- Problem:
Output the lines of the records from the one containing "Conjunto de brazo de enjuague 490 mm - Kromo" through the last, both ends included. Leave pictures out.

___ Entries shown ___

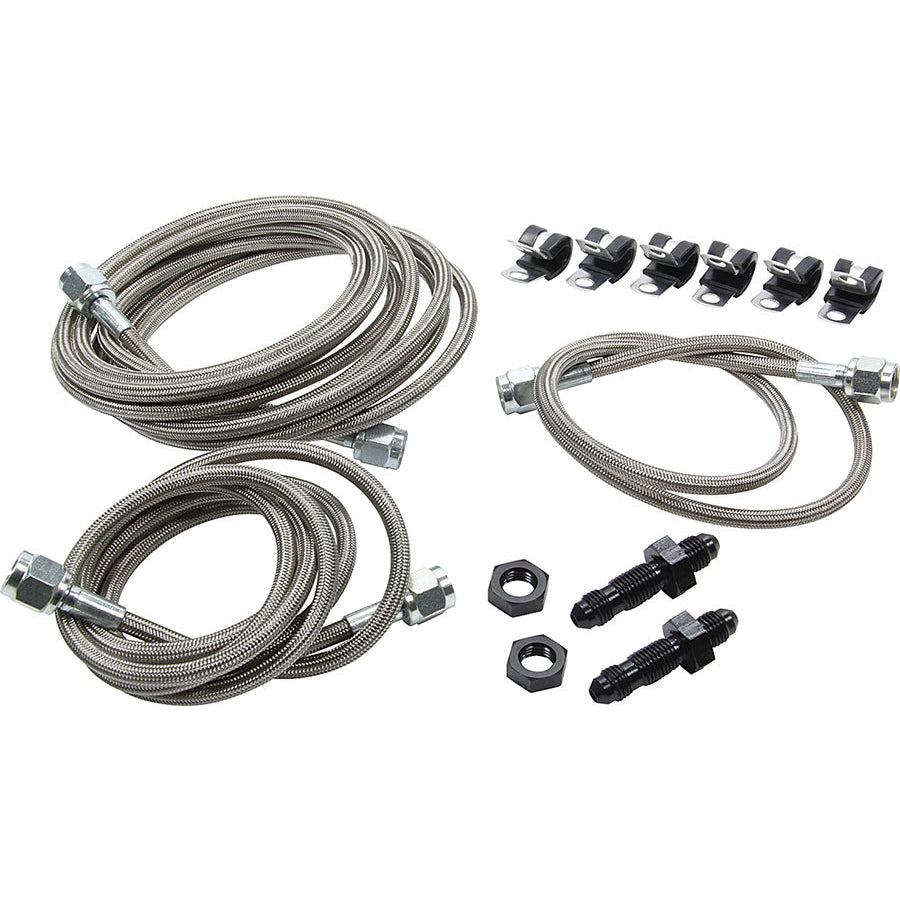 Allstar Performance Front End Brake Line Kit For Dirt Modifieds w/ Aftermarket Calipers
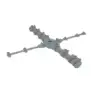 Conjunto de brazo de enjuague 490 mm - Kromo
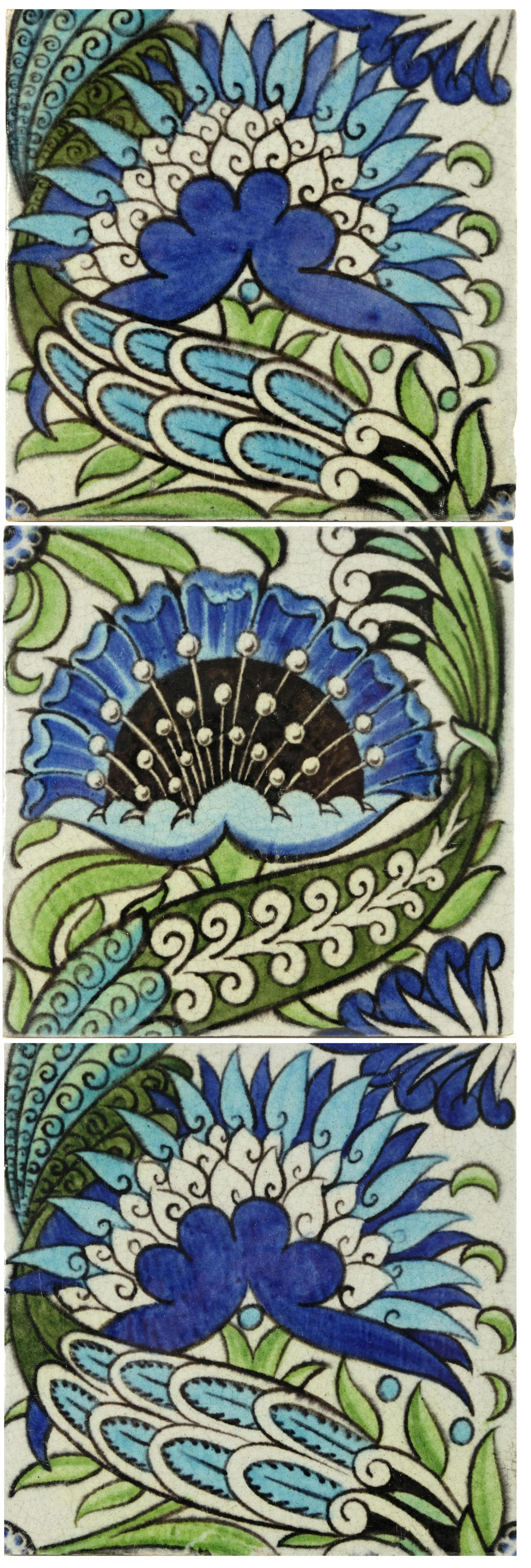 William De Morgan, a Mongolian three til (1 of 2)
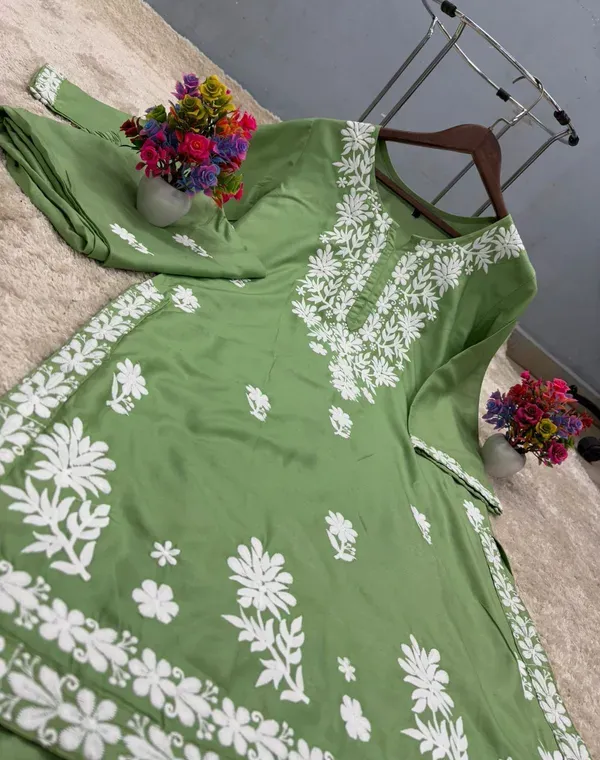 Pista_Chikankari_Kurtis_For_Women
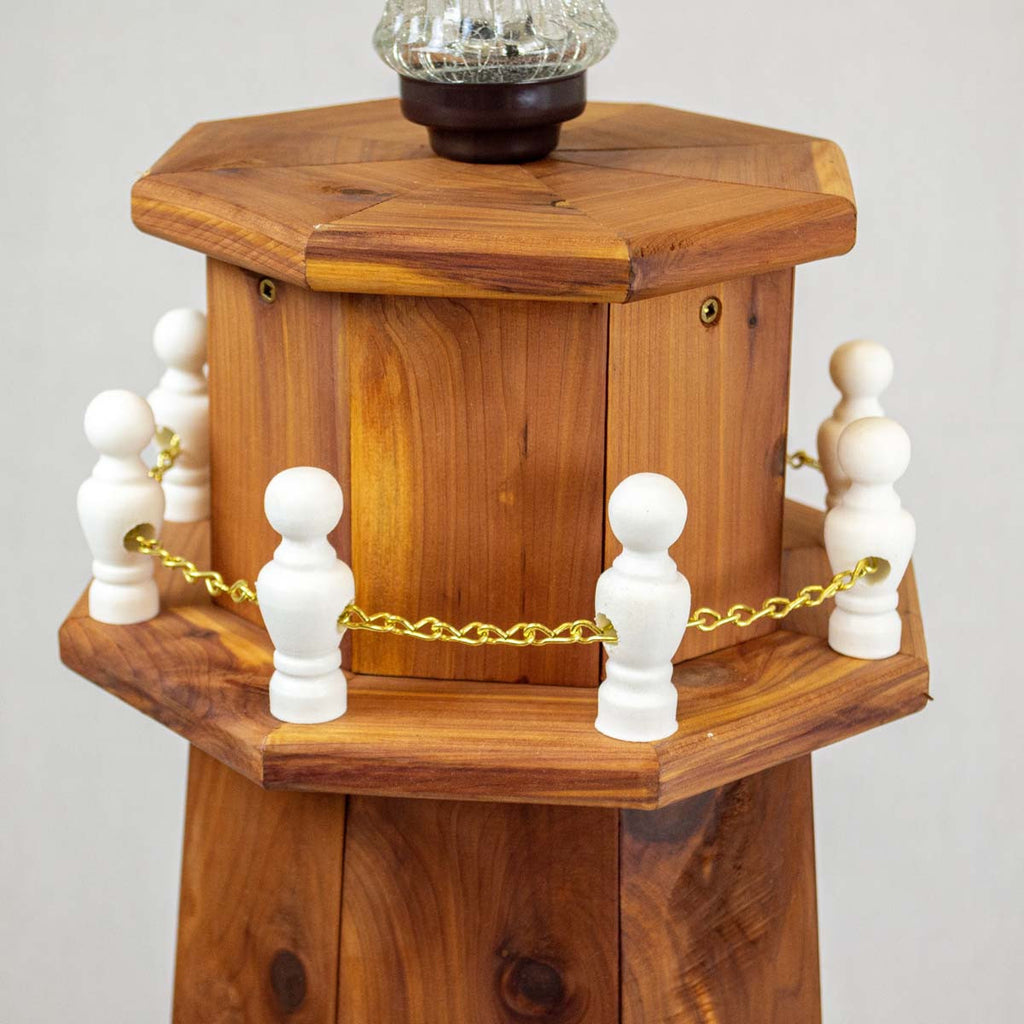 Seaside Beacon Solar Lighthouse - Small
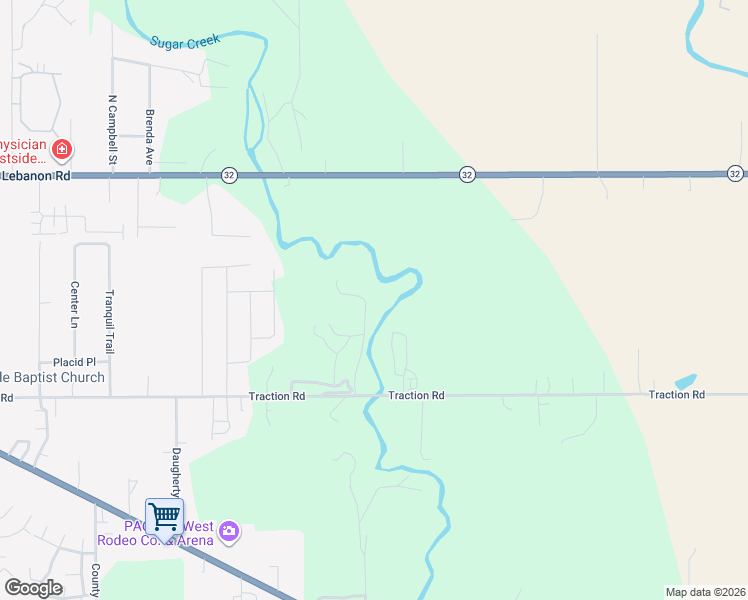 map of restaurants, bars, coffee shops, grocery stores, and more near 2594 Traction Road in Crawfordsville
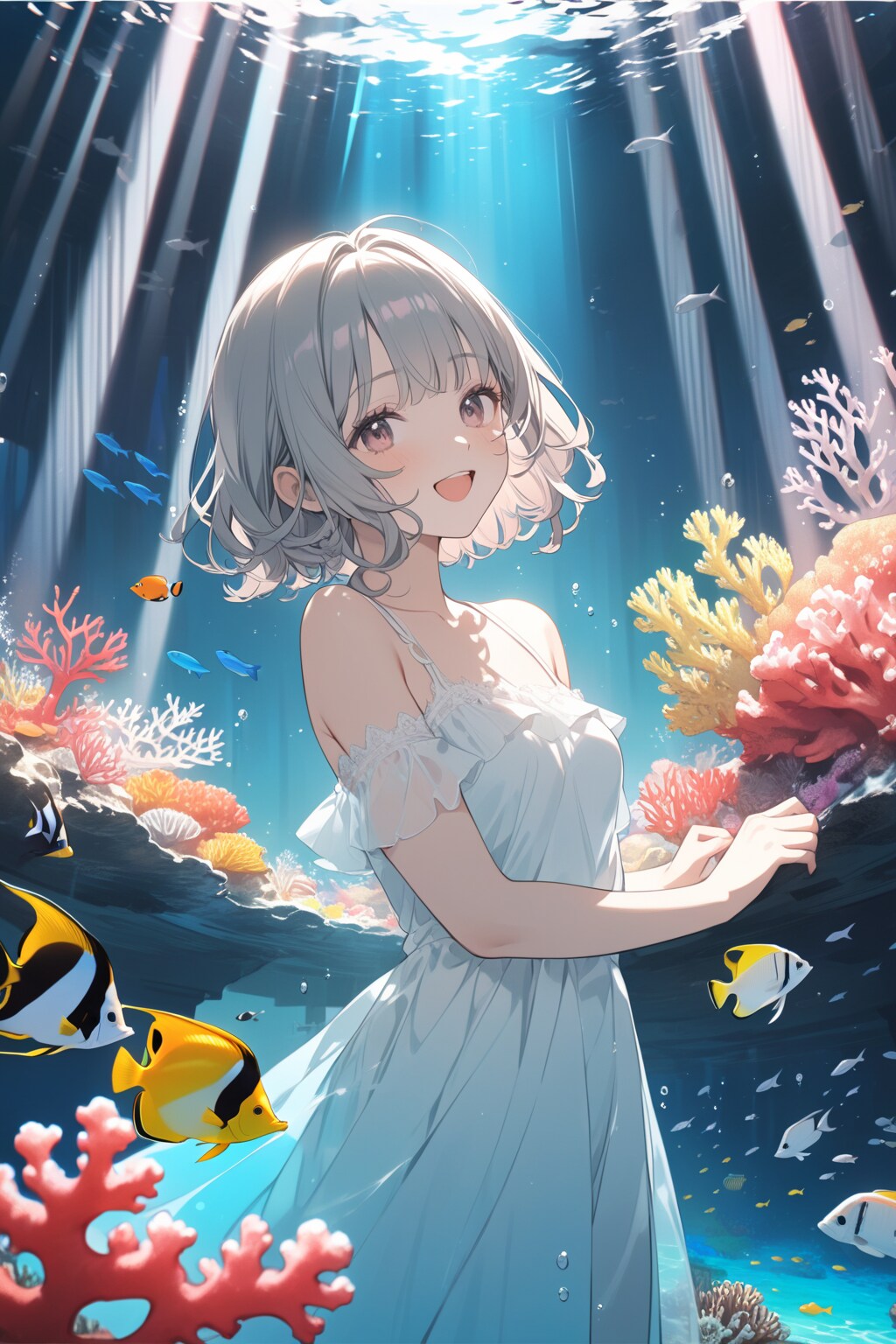 海の中で暮らす少女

___

- Expected output:
 Conjunto de brazo de enjuague 490 mm - Kromo
 William De Morgan, a Mongolian three til (1 of 2)
 Pista_Chikankari_Kurtis_For_Women
 Seaside Beacon Solar Lighthouse - Small
 map of restaurants, bars, coffee shops, grocery stores, and more near 2594 Traction Road in Crawfordsville
 海の中で暮らす少女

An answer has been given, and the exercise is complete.